Questions regarding transcribing long audios (>25MB) in Whisper API

The documentation mentions the usage of audio splicing and chunking. I’ve done that and let’s say I’ve a 60 minute audio that I want to transcribe so I divide it into 6 chunks of 10 minutes each, and I pass them through Whisper, and get 6x WEBVTT files.

What’s the best approach to string together the WEBVTT files to get a solid .srt file that is also closely accurate? Is that even what I should be doing - since I’ve never done this before, are there ways easier than this?

Basically - how does one go about transcribing a 60 minute audio.

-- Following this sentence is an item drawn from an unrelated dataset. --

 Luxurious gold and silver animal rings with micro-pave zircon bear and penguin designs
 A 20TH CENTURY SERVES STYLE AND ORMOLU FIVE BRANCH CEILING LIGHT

I’m using Python & NodeJS for backend. So kindly let me know how do you go about it?

1 Like

typically you would split the audio up into 20Mb or less chunks, usually you would use an intelligent algorithm that looks for silence so you don’t chop a spoken word in half. Once that has been done you send one chunk to Whisper to be transcribed, when that has returned with the text you send another audio chunk off to be processed and when that is returned you append that text to the end of the first text, repeat that procedure until all chunks have been processed and appended.

1 Like

I get that - but let’s suppose first chunk’s timestamps are from 0:00:00 to 0:05:00 and the next chunk is 3 minutes long, but its timestamp also goes from 0:00:00 to 0:03:00. So now I’ve two WEBVTTs with timestamps that starts from 0:00:00, so it’s not exactly convenient to append them. How does one go about this? Or am I missing something here?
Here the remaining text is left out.